Хочу порадовать игрою
Тебя, о милый друг! И ты,
В замену хладной пустоты,
С улыбкой, дружеству пристойной,
Глас лиры тихий и нестройный
Прочтешь и скажешь про себя:
«Его трудов виновник я!»
Так точно, друг, мечты младые
И чувств волненье ты впервые
Во мне, как ангел, разгадал.
Ты, помнишь, раз сказал: «Рассей
С души туман непросвещенья,
И на крылах воображенья
Лети к Парнасу поскорей!»
Совету милого послушный,
Я дух изящностью питал,
Потом, с подругою воздушной,
Нашедши лиру, петь начал:
Потом в час лени молчаливой
Я рано полюбил покой,
Приют избушки некрасивой
И разноцветный садик мой…
 

Кашкин оказал сильную поддержку Кольцову. В течение пяти лет (1825–1829) поэт пользовался правом безвозмездно брать книги из его библиотеки. В это время он познакомился с произведениями Жуковского, Дельвига, Козлова, Пушкина, которые произвели на него, несомненно, более сильное впечатление, чем поэты XVIII века. Тогда же сказалось и подражание Кольцова этим новым образцам.

Стихи, однако, долго не давались Кольцову. Первые его опыты, 1826–1827 годов, напечатанные в настоящем издании в приложениях, поражают своей нескладицей, неправильностью языка, вычурностью образов, даже отсутствием логической связи.
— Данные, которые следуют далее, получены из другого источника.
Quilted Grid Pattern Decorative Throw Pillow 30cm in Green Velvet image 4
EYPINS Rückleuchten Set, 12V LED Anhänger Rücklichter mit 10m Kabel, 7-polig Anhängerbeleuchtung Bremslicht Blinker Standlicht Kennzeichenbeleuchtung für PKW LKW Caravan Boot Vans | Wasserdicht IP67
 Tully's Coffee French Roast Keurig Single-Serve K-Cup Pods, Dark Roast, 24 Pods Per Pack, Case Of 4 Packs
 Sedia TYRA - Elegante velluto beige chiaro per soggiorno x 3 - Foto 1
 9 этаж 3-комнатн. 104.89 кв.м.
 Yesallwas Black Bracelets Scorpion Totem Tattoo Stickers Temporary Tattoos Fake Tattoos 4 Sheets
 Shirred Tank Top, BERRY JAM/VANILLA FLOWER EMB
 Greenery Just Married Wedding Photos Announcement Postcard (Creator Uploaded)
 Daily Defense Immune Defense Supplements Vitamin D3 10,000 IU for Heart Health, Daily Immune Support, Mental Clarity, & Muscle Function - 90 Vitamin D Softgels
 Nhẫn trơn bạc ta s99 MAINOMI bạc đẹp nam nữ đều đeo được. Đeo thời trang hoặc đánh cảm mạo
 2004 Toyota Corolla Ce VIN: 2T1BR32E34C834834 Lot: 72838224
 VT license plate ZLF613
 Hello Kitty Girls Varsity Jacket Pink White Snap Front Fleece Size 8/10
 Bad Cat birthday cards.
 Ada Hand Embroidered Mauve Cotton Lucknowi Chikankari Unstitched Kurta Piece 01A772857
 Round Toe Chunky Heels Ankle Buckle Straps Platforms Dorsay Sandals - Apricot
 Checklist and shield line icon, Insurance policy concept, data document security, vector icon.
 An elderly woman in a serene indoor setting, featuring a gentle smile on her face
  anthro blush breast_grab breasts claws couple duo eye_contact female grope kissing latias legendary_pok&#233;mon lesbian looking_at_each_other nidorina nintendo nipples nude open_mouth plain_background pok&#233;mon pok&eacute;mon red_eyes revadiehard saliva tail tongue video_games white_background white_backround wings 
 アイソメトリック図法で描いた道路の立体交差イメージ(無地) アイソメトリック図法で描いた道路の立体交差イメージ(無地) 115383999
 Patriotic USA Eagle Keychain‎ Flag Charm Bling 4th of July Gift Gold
Это еще ученические тетради, слабое подражание Дмитриеву, Жуковскому. Тем не менее, иногда заметен в них проблеск мысли, образа, гладкий стих. Для изучения истории творчества Кольцова эти черновые тетради – источник важный. Но уже к тому же 1827 году относится прекрасное стихотворение «Сирота», вслед за которым написаны стихотворение «Ровеснику» и песня «Если встречусь с тобой». В последней из них поэт уже отступал от формы и содержания тогдашних романсов. Последняя, однако, была присуща ему всегда; никогда не мог отрешиться от нее Кольцов, сделаться исключительно изобразителем наблюдаемой им народной жизни, чуждой прикрас и розового освещения, свойственного романсу.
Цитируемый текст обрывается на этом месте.